··· Given entries ···

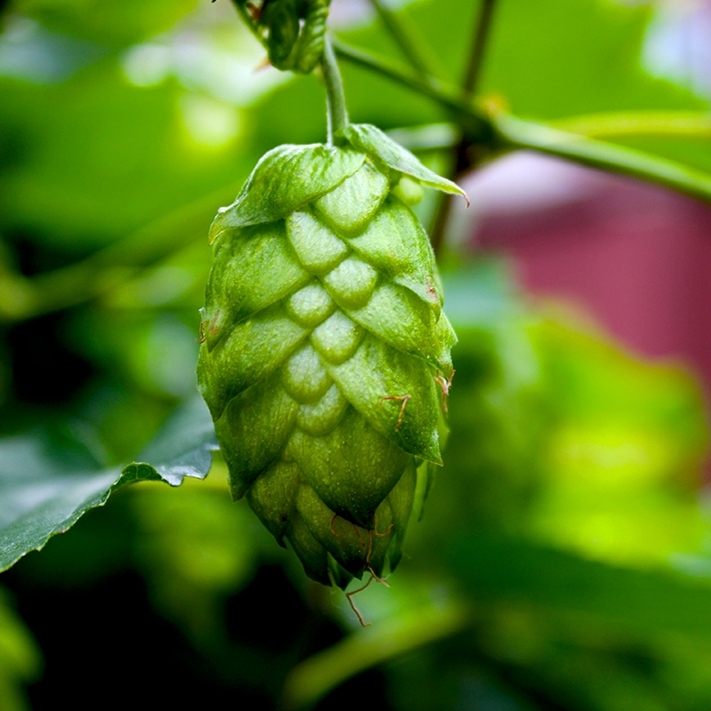 Picture of American Hops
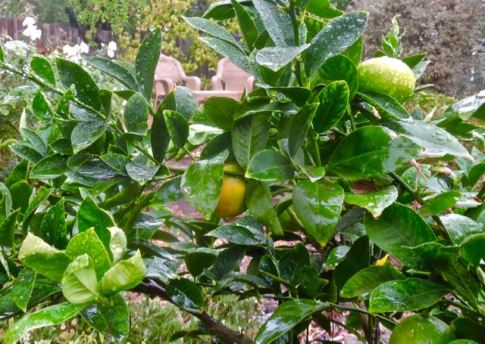 garden meyer lemon in the rain oct 21 2021 - 1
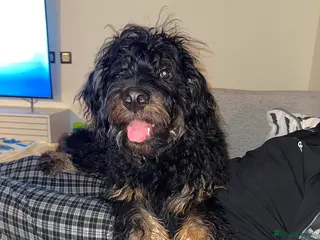 Mixed Breed dogs Male roodle - Advert 6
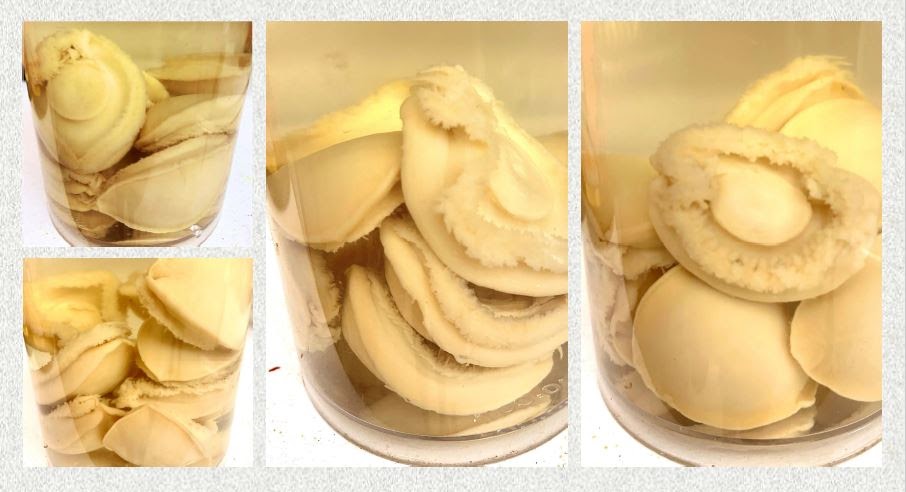 Sweetots Homemade Chinese New Year Cookies - 2021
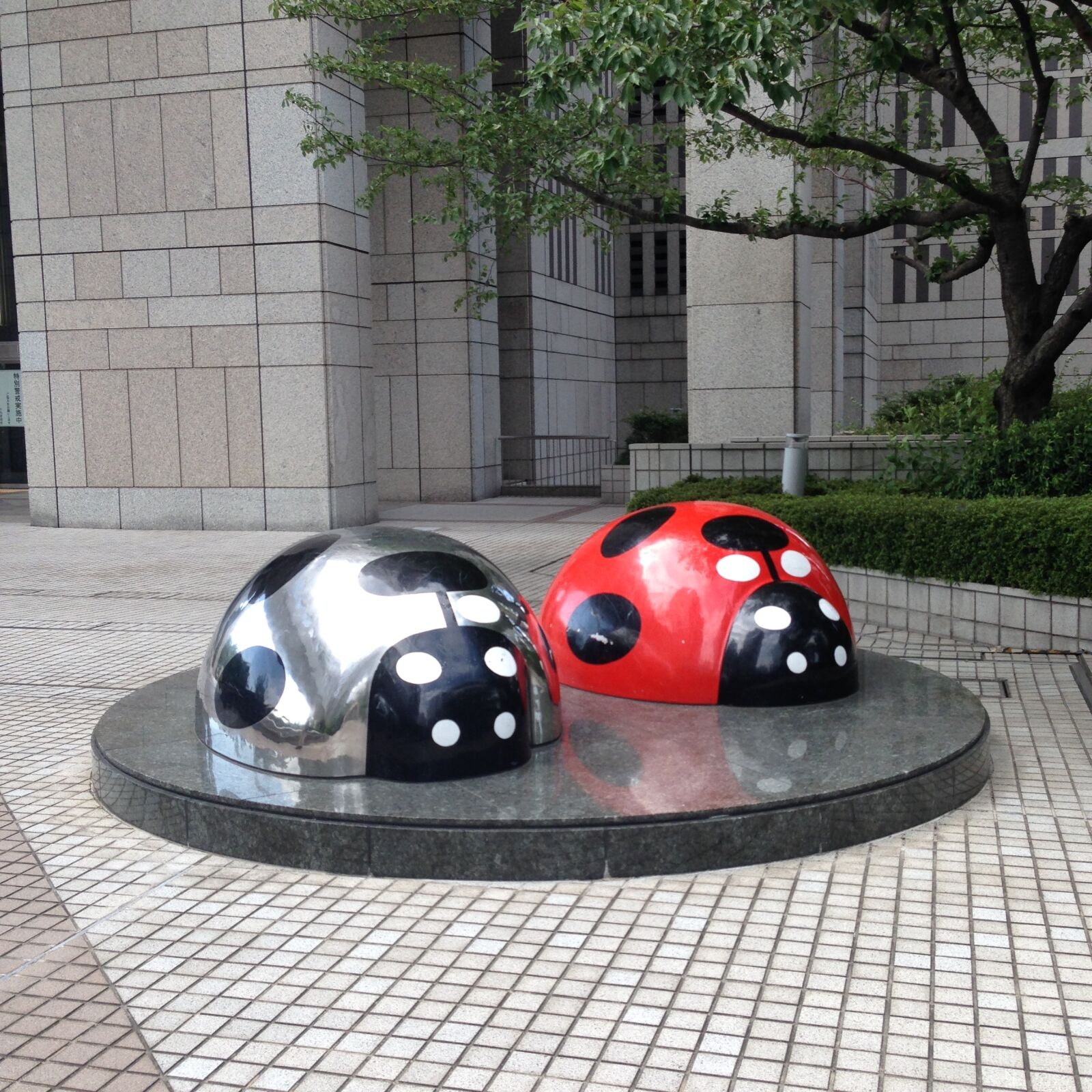 iPhone 5c back camera 4.12mm f/2.4 sample photo. Shinjuku, nobuo miyamoto, ladybug photography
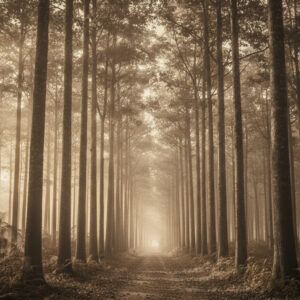 Teak trees line a misty forest path, hinting at the teak trail and timber movement.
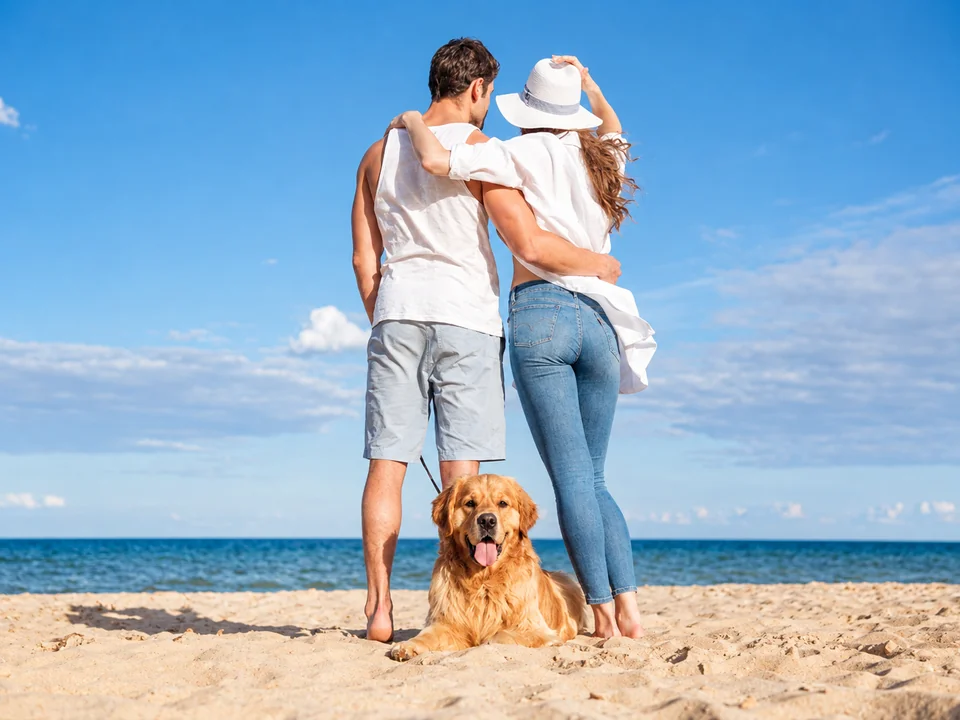 A couple and their golden retriever enjoying the beach together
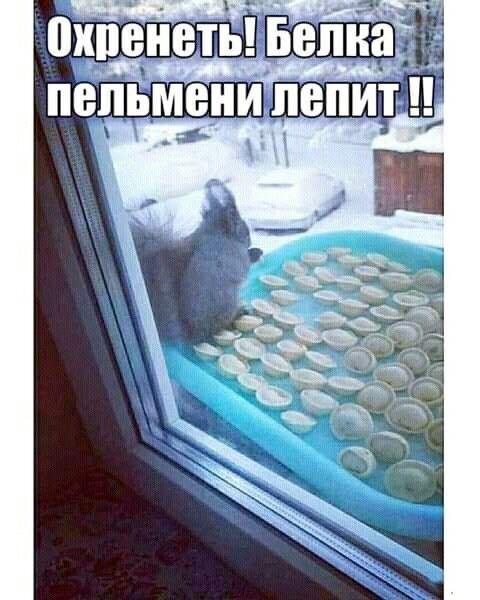 Воскресные картинки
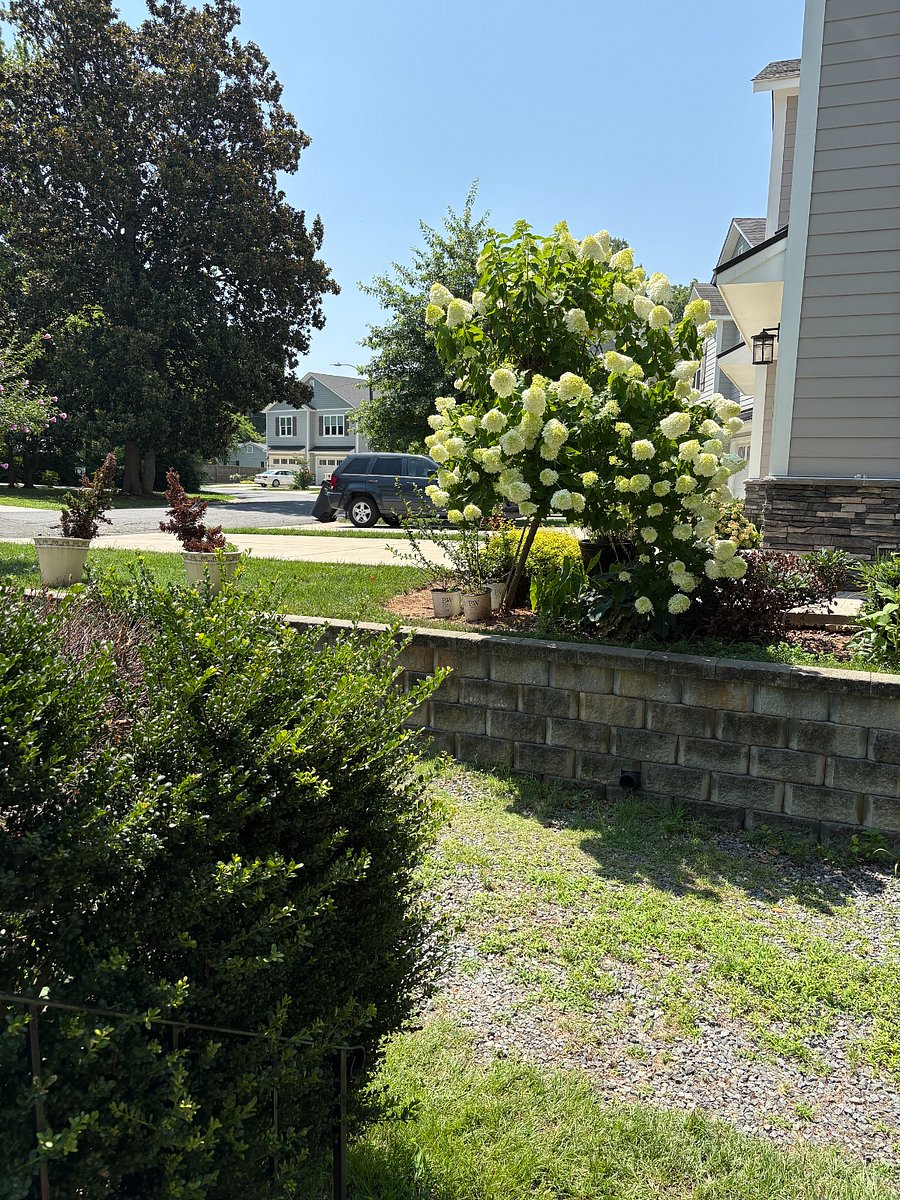 Front Door Looking Out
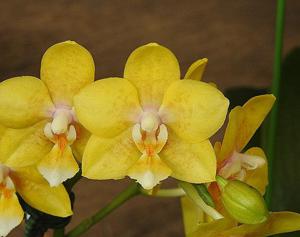 Phalaenopsis Younghome Golden Pixie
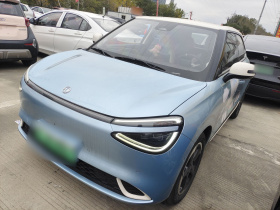 东风纳米 纳米01 2024款 430 Max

···

Your copy should hold exactly the lines from the one that contains "Sweetots Homemade Chinese" through the final line of the data, both ends included, and no pictures.

 Sweetots Homemade Chinese New Year Cookies - 2021
 iPhone 5c back camera 4.12mm f/2.4 sample photo. Shinjuku, nobuo miyamoto, ladybug photography
 Teak trees line a misty forest path, hinting at the teak trail and timber movement.
 A couple and their golden retriever enjoying the beach together
 Воскресные картинки
 Front Door Looking Out
 Phalaenopsis Younghome Golden Pixie
 东风纳米 纳米01 2024款 430 Max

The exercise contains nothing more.